KABANDA CHULU, Tshwane, South Africa
AFRICAN governments should focus more on prevention measures than fighting diseases that come with malnutrition, University of Pretoria Professor Hettie Schonfeldt has said.
Making a presentation to regional journalists attending a media training for food security policy on Wednesday, Prof Schonfeldt said it is more costly to cure than to prevent diseases that result from the condition of malnutrition.
She cited a 2013 World Health Organisation(WHO) survey, which estimated that 6.5 million children under the age of five globally, and 2.9 million of them in Africa, died due to malnutrition, which is an equivalent of five children under the age of five dying every minute.
“Also, the Global Nutrition Report for 2016 estimates that out of the 667 million children under the age of five worldwide, 159 million are too short for their age [stunted], 50 million do not weigh enough for their height [wasted] and 41 million are overweight [obese].”
“This is an unacceptable, and we have to do something as governments because it is more costly to our economies to cure illnesses that come with malnutrition, which is preventable through dietary means,” Prof Schonfeldt said.
She also urged the private sector and communities to fully participate in the fight against malnutrition.
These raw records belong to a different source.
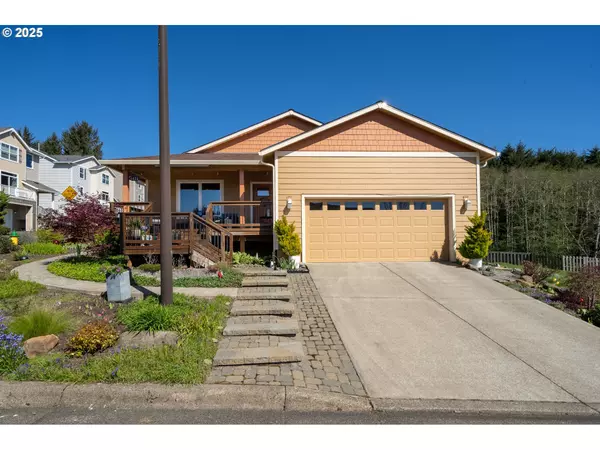 1415 Emerald LN, Netarts, OR 97143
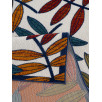 Tapis extérieur motif floral 160 X 230 cm Tapis extérieur motif floral 160 X 230 cm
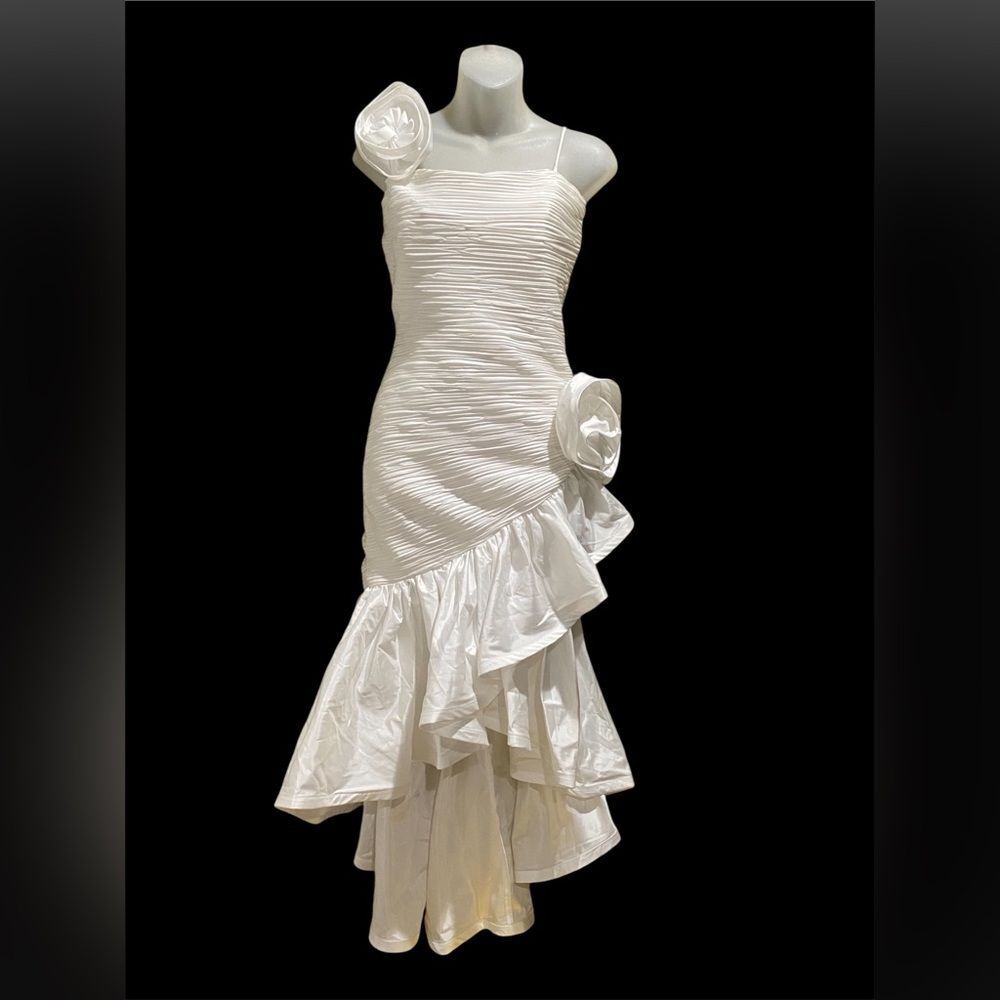 Vintage Samir Cocktail Dress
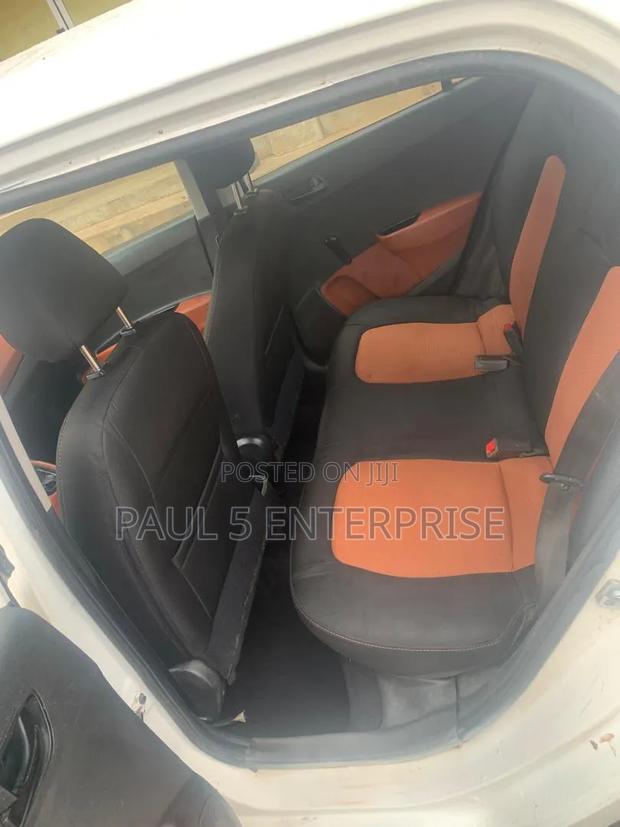 Hyundai I10 2020 White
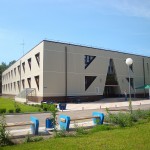 1. Корпус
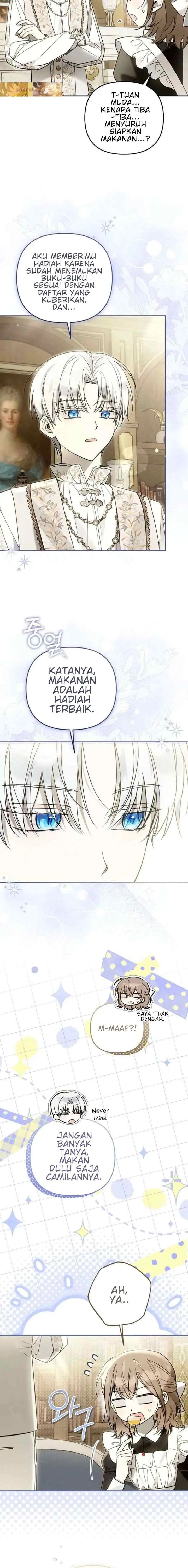 Everyone Was Obsessed With Me After I Became the Youngest Princess Favorite chapter 32 halaman 16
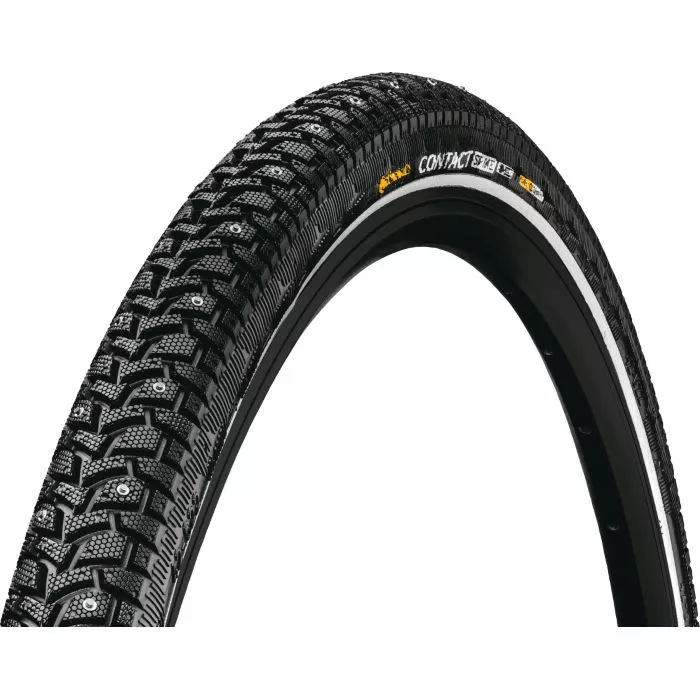 Continental Contact Spike 120 Wire Bead Tyre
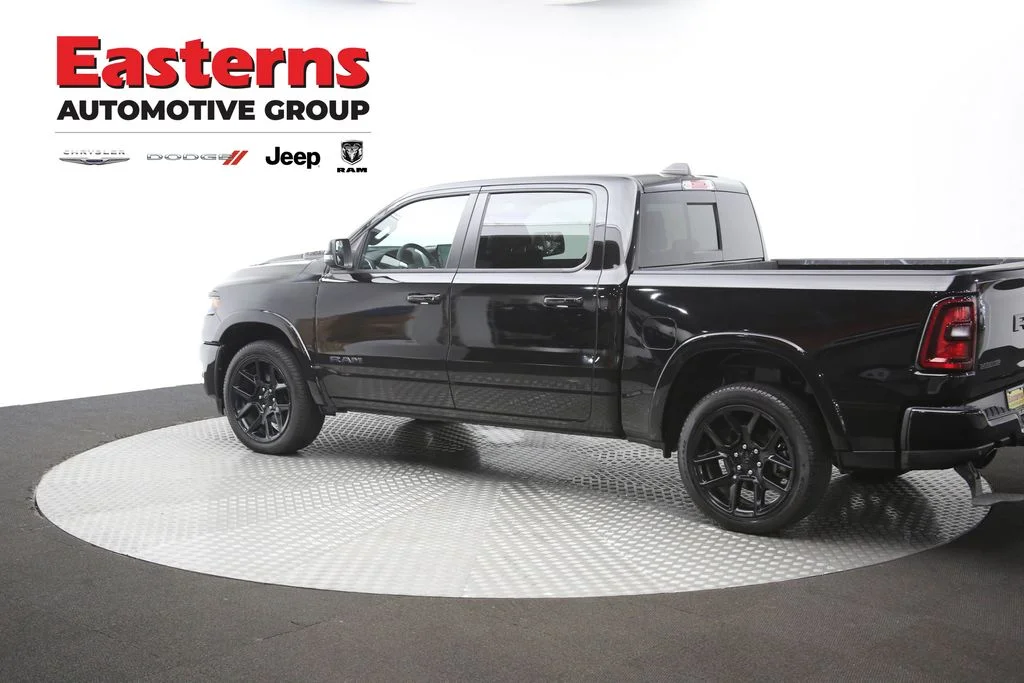 Used 2025 Black Ram Laramie image 63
“The malnutrition problem should not only be the sole responsibility of governments and nutritionists but advocacy should be embraced at all levels, including the media and the private sector, which should include nutritional benefits of their products in their advertised messages.”
“We also need to re-enforce nutrition learning by making it compulsory in school curriculum at all levels. This will help communities choose products that are rich in nutrition,” she said.
The media training programme is hosted by the University of Pretoria in collaboration with Michigan State University and the International
Food Policy Research Institute, aimed at analysing the drivers of change in the food security arena, with a specific emphasis on agriculture and nutrition policies.